The day the red-mittened mountain masher yanked me from my nostalgia, the phrase that came to mind was, “the mountain will always be there.” It’s a common phrase disheartened climbers use when retreating from an unsuccessful summit attempt, but it applies nicely to steepaphiles with new babies living in flat places. In my memory and in my future, if not in my window, the mountains will always be there.

That time will come when we’re ready to hike, climb and ski as a family, and until then, we’ll be patient knowing that the mountains will be there when we’re ready for them. In Barrow our time here is not marked by peaks, places and expectations. Here, it’s blocks, books and bottles, and we’re happy with that. Luke doesn’t compete with powder days and clear skies for our focus, just the occasional snow pile daydream.

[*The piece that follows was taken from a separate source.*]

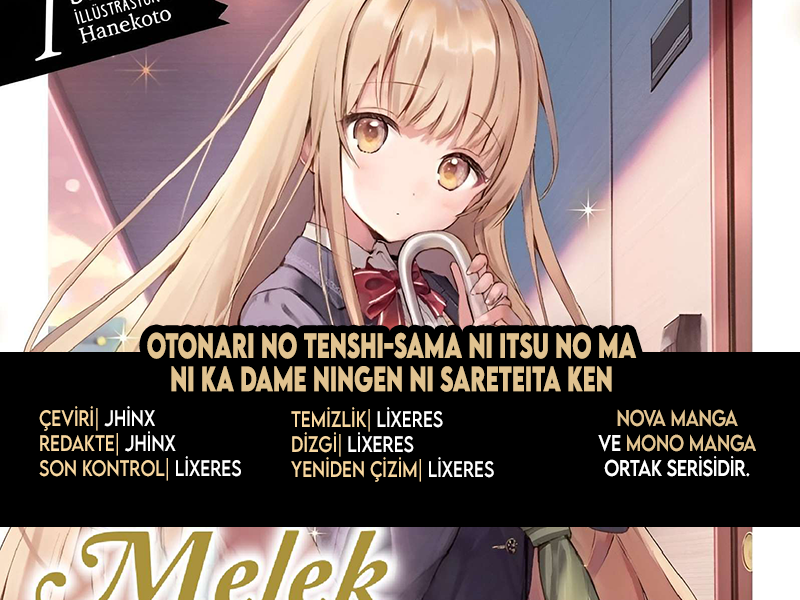 Read Melek Komşum Beni Şımartıyor TR Manga Online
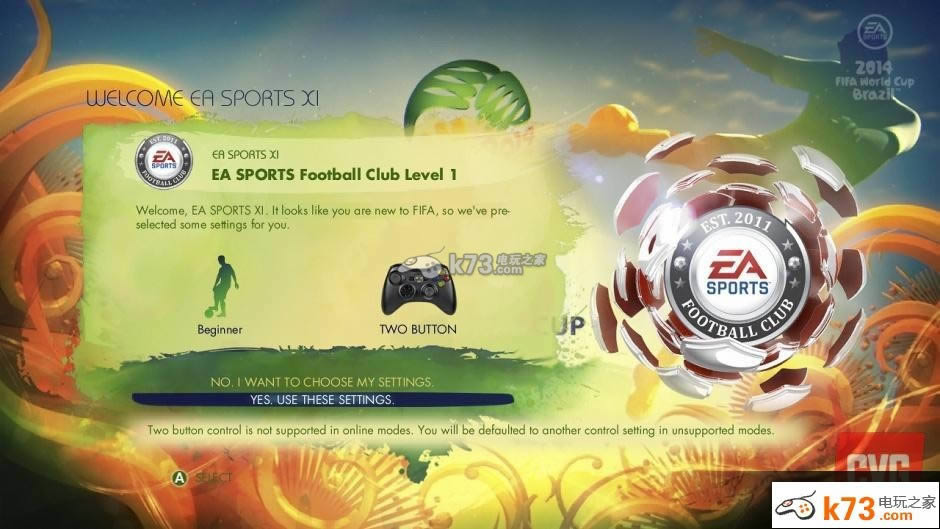 FIFA 2014 巴西世界杯下载 FIFA 2014 巴西世界杯下载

Most things in life are ephemeral, like snow piles, and the time, energy and especially the energy to go mountaineering. The uncompromised attention we’re able to give Luke will have eternal benefits. We’re finding that it’s much easier for us to do that when it’s 20 below and everything outside is flat and white.



A day later, the bulldozers returned to take the snow mountains away. Even the Eskimo third graders have to spend some time on the flatland. Like our time in the mountains, the snow piles will be back soon enough, although in a slightly different form. In the meantime, sofa-cushion mountains and peek-a-boo will have to do.